There were several things that contributed to my confusions and frustrations about this intially. I'm not even sure how to articulate my confusion regarding this problem clearly enough but I'll try:
1. The use of $x$ and $y$ as vectors rather than coordinates. I was under the assumption that $f(x) = mx + b$ is a linear function and $x$ and $y$ are coordinates. However, in this case, I suppose we assume $x$ and $y$ are vectors in order to use the properties of $\mathbb{R}^n$.
2. The use of the $y$ variable. I assume that the use of this variable is an essential necessity for the showing $f$ is linear and without the extra variable, it is not possible.
3. The use of $x$ and $y$ in place of $x$. I suppose because we announced $x$ and $y$ as vectors in $\mathbb{R}$ and both together are necessary for showing $f$ is linear.
4. The given textbook solution completely threw me off. I was not familiar enough with the definition to be given the solution in that manner. It did not help me understand at all.
5. With respect, it is not either of @evinda or @Evgeny.Makarov. fault.
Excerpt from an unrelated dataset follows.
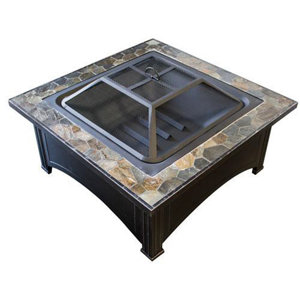 Phat Tommy Steel Wood Burning Fire Pit Table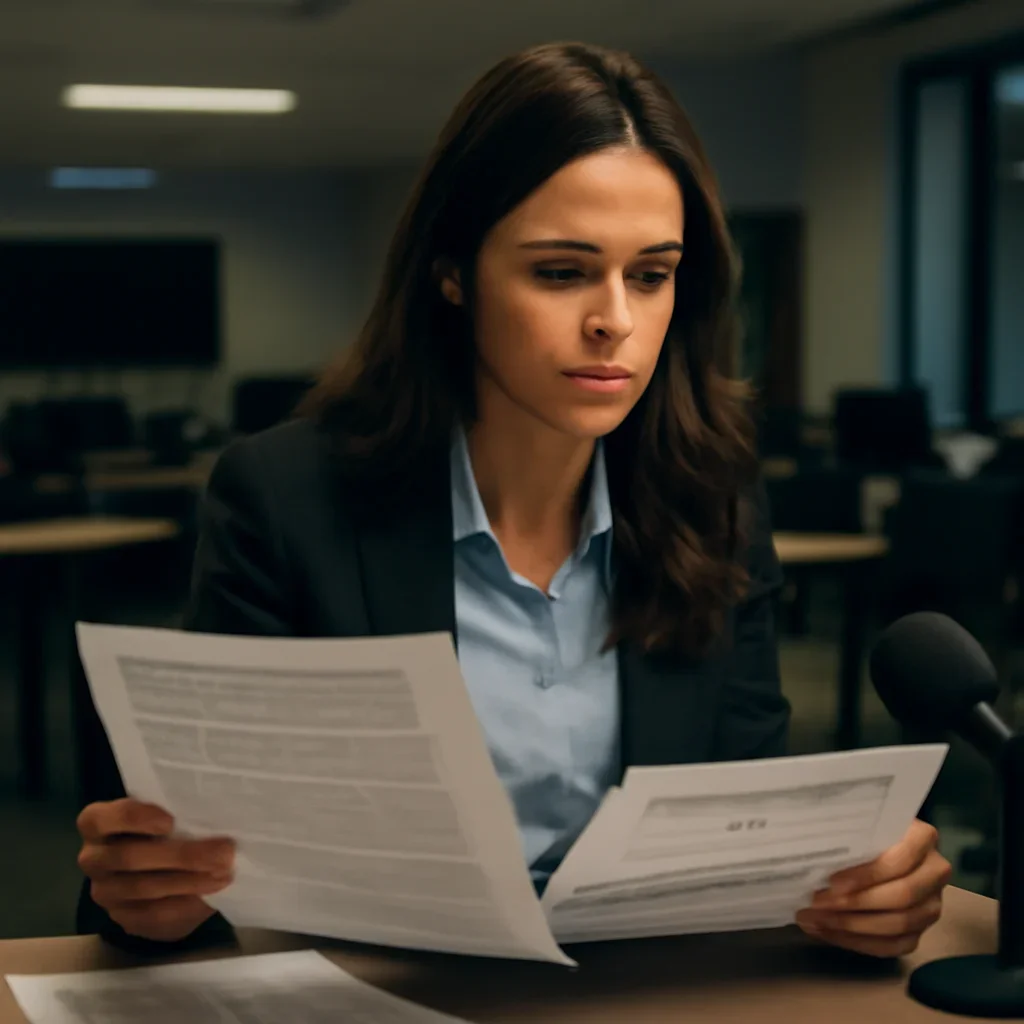 Reporter reviewing source material and timeline notes related to the difference between war crimes, genocide, and crimes against humanity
Nevertheless the only way I can explain my confusion at this particular point in time is that basically, when I received these explanations, I felt like the equivalent of a an algebra student who was already confused about algebra, but was given a differential equations problem to solve.
6. I feel that I have wasted a lot of time and that I can only benefit from the help of others if I ask specific questions about what I am confused on and if I receive specific, pointed, targeted responses to my specific question without giving any further information. And for each subsequent question I ask, the same approach is applied. Otherwise, if more information than I ask for is supplied, then the extra information will only add to my confusion.
If anyone is willing to provide further clarification on my solution and my confusions, feel free to do so.